First published January 11, 1825, by John Douglass and Douglass Maguire after they purchased, enlarged, and changed the name of the Western Censor & Emigrants Guide (1823). The paper was anti-Jacksonian, then pro-Whig, and later a voice for the Republican Party.

The Indiana Journal Building, at 46 Monument Circle, was constructed in 1897 and served as home to the Indianapolis Journal.
Credit: City of Indianapolis, Department of Metropolitan Development, Indiana Historical Society

The Journal alternated between tri-weekly, twice-weekly, and daily issues during the early 1840s and produced dailies during legislative sessions after 1842. On April 21, 1851, it became the first paper in Indianapolis to publish a regular daily issue. Until the late 1850s, it consisted mainly of political news but then began to include local items.

On November 8, 1864, the paper, then the Indianapolis Daily Journal, under editor William R. Holloway was the first to carry the news of Sherman’s burning of Atlanta. Other newspapers reprinted the story but mainly discounted it because Indianapolis was not a center for war news.
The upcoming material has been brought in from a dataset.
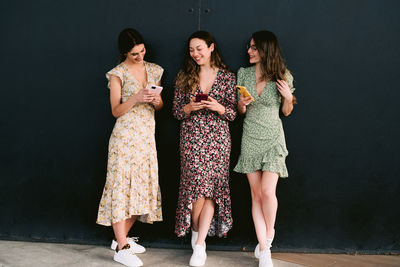 Full length of woman standing against wall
Holloway received a visit from a member of General Grant’s staff wanting to know the source of his information. Holloway refused to name the officers who had given him the information and claimed that the War Department also had plans for a similar investigation, which outranked Grant’s probe. The matter was dropped shortly thereafter.

The Journal purchased many of the early papers in the city including the Atlas in 1861, the Evening Gazette in 1867, the Evening Commercial in 1871, the Daily Times in 1879, and the Indianapolis Times in 1886. The Evening Commercial became a short-lived evening edition after its purchase.

The paper changed owners, editors, and names frequently until June 1904, when Charles S. Henry, owner of the paper for less than two years, sold it to the Indianapolis Star Company. Although published briefly under the name Star And Journal, by October Journal had been dropped from the title.